Ancak somut olayda, davacı yukarıda yazılı haklara değil, yalnızca kiracılık sıfatına dayanmıştır. Kural olarak kiracının istihkak davası açma hakkı yoktur. Kira sözleşmesinde borç sadece taraflar yönünden sonuç doğurur. Diğer bir deyişle borç ilişkisinden kaynaklanan şahsi haklar sözleşmenin tarafı olmayan kişilere karşı ileri sürülemez. Bu durumda Mahkemece, davacı üçüncü kişinin davacı sıfatı (aktif husumet ehliyeti) olmadığının değerlendirilmemesi doğru görülmemiş ise de, bu yanlışlık yeniden yargılamayı gerektirmediğinden kararın 1086 sayılı HUMK’un 438/7. maddesi uyarınca düzeltilerek onanması gerekirken, onanması nedeniyle karar düzeltme talebinin kabulüne karar vermek gerekmiştir.

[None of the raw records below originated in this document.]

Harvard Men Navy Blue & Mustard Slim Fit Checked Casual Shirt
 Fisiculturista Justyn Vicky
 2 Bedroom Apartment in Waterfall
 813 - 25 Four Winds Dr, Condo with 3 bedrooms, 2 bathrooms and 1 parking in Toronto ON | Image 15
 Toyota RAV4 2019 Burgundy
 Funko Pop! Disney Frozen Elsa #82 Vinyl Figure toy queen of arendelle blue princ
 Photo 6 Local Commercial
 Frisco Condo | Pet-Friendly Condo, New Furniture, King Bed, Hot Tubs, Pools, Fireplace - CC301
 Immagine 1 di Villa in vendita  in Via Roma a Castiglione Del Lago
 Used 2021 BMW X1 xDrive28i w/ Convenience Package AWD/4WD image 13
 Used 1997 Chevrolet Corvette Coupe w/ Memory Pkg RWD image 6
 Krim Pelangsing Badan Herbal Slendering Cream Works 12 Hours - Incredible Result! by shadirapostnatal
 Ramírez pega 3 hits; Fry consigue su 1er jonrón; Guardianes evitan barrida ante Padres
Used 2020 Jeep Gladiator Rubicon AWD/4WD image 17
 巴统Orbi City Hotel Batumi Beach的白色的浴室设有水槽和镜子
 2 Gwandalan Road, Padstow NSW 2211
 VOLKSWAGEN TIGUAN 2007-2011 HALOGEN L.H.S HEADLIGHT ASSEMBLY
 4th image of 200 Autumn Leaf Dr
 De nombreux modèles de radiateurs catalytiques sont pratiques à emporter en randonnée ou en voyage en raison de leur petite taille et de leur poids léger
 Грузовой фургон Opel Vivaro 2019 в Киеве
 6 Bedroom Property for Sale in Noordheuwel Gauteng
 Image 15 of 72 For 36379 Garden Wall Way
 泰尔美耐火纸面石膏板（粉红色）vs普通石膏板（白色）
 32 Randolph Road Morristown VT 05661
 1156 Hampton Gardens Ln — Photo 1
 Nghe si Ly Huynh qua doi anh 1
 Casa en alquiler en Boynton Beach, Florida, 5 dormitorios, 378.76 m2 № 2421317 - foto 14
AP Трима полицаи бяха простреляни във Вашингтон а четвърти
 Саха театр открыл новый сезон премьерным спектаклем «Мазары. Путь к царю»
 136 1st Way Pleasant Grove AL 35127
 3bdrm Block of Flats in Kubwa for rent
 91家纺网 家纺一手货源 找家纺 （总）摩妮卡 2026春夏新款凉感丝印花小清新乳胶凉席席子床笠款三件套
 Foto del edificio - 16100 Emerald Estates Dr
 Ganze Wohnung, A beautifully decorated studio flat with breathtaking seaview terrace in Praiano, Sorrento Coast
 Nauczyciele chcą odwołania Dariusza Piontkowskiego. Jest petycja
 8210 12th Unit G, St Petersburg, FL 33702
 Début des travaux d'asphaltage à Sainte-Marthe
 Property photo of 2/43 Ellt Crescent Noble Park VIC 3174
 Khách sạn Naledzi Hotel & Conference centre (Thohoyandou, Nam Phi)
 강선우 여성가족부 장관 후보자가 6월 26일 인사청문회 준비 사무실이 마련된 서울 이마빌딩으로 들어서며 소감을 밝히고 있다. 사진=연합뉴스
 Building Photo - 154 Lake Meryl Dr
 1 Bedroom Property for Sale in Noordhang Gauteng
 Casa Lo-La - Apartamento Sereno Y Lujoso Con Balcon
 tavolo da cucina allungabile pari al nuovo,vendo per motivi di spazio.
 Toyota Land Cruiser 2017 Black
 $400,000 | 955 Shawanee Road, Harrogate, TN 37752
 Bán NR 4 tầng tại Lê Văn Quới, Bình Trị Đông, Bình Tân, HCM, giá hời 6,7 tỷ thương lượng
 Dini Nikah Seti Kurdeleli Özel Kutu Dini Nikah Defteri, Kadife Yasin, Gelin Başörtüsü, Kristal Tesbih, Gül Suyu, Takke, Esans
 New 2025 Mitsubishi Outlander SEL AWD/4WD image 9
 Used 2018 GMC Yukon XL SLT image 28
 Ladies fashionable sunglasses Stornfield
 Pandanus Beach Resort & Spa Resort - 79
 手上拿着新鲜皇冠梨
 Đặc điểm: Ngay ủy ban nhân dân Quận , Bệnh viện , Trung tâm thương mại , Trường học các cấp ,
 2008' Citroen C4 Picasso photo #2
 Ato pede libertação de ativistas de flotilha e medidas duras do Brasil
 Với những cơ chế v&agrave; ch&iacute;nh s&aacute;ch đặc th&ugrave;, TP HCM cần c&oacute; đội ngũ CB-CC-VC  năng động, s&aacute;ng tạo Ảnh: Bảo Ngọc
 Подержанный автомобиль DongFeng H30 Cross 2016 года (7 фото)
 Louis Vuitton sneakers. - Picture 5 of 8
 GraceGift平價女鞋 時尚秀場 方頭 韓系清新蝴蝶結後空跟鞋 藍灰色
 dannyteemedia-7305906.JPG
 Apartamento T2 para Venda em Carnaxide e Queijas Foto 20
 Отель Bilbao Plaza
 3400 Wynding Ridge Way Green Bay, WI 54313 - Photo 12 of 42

SONUÇ: Yukarıda açıklanan nedenlerle davacı üçüncü kişinin karar düzeltme isteminin kabulüne, Yerel Mahkeme hüküm fıkrasının 1. bendindeki “… istihkak iddiasının reddine” ibaresinin çıkartılarak yerine “davanın usulden reddine” ibaresinin yazılmasına; hüküm fıkrasının 6 fıkrasındaki “Davalı-alacaklı kendisini vekille temsil ettirdiğinden, yürürlükte bulunan Avukatlık Asgari Ücret Tarifesi uyarınca, davalı-alacaklı vekili lehine takdir olunan 25.106,50 TL nispi vekalet ücretinin, davacıdan alınarak, bu davalıya verilmesine,” ibaresinin çıkartılarak yerine “ Davalı-alacaklı kendisini vekille temsil ettirdiğinden, yürürlükte bulunan Avukatlık Asgari Ücret Tarifesi uyarınca, davalı-alacaklı vekili lehine takdir olunan 600 TL maktu vekalet ücretinin, davacıdan alınarak, bu davalıya verilmesine” ibaresinin yazılmasına ve hüküm fıkrasının 2. bendinin tamamen hükümden çıkartılarak hükmün 1086 sayılı HUMK’un 438/son maddesi uyarınca düzeltilen bu şekli ile ONANMASINA, peşin harcın istek halinde karar düzeltme isteyene iadesine, 23.10.2019 tarihinde oy birliğiyle karar verildi.